-- Listed entries follows --
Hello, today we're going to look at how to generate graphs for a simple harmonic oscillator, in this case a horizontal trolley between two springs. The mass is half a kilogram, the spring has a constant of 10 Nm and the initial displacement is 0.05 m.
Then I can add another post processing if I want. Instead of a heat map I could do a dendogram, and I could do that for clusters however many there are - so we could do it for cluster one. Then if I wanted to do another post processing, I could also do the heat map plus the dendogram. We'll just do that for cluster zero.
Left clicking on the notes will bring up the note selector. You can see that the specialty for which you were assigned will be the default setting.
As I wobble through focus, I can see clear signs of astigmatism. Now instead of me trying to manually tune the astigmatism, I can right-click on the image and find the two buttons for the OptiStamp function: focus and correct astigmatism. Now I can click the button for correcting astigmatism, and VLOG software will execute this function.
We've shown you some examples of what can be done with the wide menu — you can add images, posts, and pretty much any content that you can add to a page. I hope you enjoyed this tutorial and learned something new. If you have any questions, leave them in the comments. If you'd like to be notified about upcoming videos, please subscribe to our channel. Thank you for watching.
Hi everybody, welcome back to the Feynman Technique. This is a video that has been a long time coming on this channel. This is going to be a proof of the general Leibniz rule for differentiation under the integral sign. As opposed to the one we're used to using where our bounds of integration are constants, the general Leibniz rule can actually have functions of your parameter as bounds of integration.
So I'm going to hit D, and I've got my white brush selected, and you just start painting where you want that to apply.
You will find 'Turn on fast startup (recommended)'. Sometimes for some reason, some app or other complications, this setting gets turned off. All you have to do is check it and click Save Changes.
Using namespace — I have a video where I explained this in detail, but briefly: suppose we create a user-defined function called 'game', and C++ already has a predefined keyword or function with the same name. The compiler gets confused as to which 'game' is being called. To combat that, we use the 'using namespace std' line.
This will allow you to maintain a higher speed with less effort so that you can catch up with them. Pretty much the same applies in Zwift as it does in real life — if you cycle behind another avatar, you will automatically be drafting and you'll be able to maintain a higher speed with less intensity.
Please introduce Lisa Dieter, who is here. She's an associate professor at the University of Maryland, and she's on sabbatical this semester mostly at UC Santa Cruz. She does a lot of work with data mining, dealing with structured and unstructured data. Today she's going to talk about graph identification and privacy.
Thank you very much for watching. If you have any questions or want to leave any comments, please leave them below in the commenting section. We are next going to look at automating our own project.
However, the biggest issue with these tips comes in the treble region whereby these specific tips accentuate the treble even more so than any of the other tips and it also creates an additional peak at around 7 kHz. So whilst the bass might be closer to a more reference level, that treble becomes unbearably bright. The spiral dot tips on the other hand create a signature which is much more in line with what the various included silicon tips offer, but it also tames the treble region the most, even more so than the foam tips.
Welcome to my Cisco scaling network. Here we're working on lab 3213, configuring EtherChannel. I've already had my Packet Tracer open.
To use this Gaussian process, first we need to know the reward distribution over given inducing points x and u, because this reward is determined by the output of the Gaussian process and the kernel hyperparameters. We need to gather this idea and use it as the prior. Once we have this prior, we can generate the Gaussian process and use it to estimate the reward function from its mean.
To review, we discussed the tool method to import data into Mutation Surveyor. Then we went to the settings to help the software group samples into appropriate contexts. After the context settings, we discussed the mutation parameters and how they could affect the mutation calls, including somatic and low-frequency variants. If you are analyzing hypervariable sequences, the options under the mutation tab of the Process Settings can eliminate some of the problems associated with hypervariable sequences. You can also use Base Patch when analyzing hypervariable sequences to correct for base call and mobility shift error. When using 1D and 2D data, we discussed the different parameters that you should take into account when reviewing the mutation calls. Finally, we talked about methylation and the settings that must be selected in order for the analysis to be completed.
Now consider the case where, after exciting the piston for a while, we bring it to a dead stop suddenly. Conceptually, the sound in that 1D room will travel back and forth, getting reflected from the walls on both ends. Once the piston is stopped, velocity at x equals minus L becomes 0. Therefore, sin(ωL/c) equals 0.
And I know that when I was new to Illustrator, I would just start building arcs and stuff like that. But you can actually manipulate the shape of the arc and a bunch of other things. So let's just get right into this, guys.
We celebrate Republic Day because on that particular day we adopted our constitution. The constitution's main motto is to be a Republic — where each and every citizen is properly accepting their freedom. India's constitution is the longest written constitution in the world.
-- Listed entries concluded --
■ Work order ■
Once more, print all the records exactly.

■ Solution below ■
Hello, today we're going to look at how to generate graphs for a simple harmonic oscillator, in this case a horizontal trolley between two springs. The mass is half a kilogram, the spring has a constant of 10 Nm and the initial displacement is 0.05 m.
Then I can add another post processing if I want. Instead of a heat map I could do a dendogram, and I could do that for clusters however many there are - so we could do it for cluster one. Then if I wanted to do another post processing, I could also do the heat map plus the dendogram. We'll just do that for cluster zero.
Left clicking on the notes will bring up the note selector. You can see that the specialty for which you were assigned will be the default setting.
As I wobble through focus, I can see clear signs of astigmatism. Now instead of me trying to manually tune the astigmatism, I can right-click on the image and find the two buttons for the OptiStamp function: focus and correct astigmatism. Now I can click the button for correcting astigmatism, and VLOG software will execute this function.
We've shown you some examples of what can be done with the wide menu — you can add images, posts, and pretty much any content that you can add to a page. I hope you enjoyed this tutorial and learned something new. If you have any questions, leave them in the comments. If you'd like to be notified about upcoming videos, please subscribe to our channel. Thank you for watching.
Hi everybody, welcome back to the Feynman Technique. This is a video that has been a long time coming on this channel. This is going to be a proof of the general Leibniz rule for differentiation under the integral sign. As opposed to the one we're used to using where our bounds of integration are constants, the general Leibniz rule can actually have functions of your parameter as bounds of integration.
So I'm going to hit D, and I've got my white brush selected, and you just start painting where you want that to apply.
You will find 'Turn on fast startup (recommended)'. Sometimes for some reason, some app or other complications, this setting gets turned off. All you have to do is check it and click Save Changes.
Using namespace — I have a video where I explained this in detail, but briefly: suppose we create a user-defined function called 'game', and C++ already has a predefined keyword or function with the same name. The compiler gets confused as to which 'game' is being called. To combat that, we use the 'using namespace std' line.
This will allow you to maintain a higher speed with less effort so that you can catch up with them. Pretty much the same applies in Zwift as it does in real life — if you cycle behind another avatar, you will automatically be drafting and you'll be able to maintain a higher speed with less intensity.
Please introduce Lisa Dieter, who is here. She's an associate professor at the University of Maryland, and she's on sabbatical this semester mostly at UC Santa Cruz. She does a lot of work with data mining, dealing with structured and unstructured data. Today she's going to talk about graph identification and privacy.
Thank you very much for watching. If you have any questions or want to leave any comments, please leave them below in the commenting section. We are next going to look at automating our own project.
However, the biggest issue with these tips comes in the treble region whereby these specific tips accentuate the treble even more so than any of the other tips and it also creates an additional peak at around 7 kHz. So whilst the bass might be closer to a more reference level, that treble becomes unbearably bright. The spiral dot tips on the other hand create a signature which is much more in line with what the various included silicon tips offer, but it also tames the treble region the most, even more so than the foam tips.
Welcome to my Cisco scaling network. Here we're working on lab 3213, configuring EtherChannel. I've already had my Packet Tracer open.
To use this Gaussian process, first we need to know the reward distribution over given inducing points x and u, because this reward is determined by the output of the Gaussian process and the kernel hyperparameters. We need to gather this idea and use it as the prior. Once we have this prior, we can generate the Gaussian process and use it to estimate the reward function from its mean.
To review, we discussed the tool method to import data into Mutation Surveyor. Then we went to the settings to help the software group samples into appropriate contexts. After the context settings, we discussed the mutation parameters and how they could affect the mutation calls, including somatic and low-frequency variants. If you are analyzing hypervariable sequences, the options under the mutation tab of the Process Settings can eliminate some of the problems associated with hypervariable sequences. You can also use Base Patch when analyzing hypervariable sequences to correct for base call and mobility shift error. When using 1D and 2D data, we discussed the different parameters that you should take into account when reviewing the mutation calls. Finally, we talked about methylation and the settings that must be selected in order for the analysis to be completed.
Now consider the case where, after exciting the piston for a while, we bring it to a dead stop suddenly. Conceptually, the sound in that 1D room will travel back and forth, getting reflected from the walls on both ends. Once the piston is stopped, velocity at x equals minus L becomes 0. Therefore, sin(ωL/c) equals 0.
And I know that when I was new to Illustrator, I would just start building arcs and stuff like that. But you can actually manipulate the shape of the arc and a bunch of other things. So let's just get right into this, guys.
We celebrate Republic Day because on that particular day we adopted our constitution. The constitution's main motto is to be a Republic — where each and every citizen is properly accepting their freedom. India's constitution is the longest written constitution in the world.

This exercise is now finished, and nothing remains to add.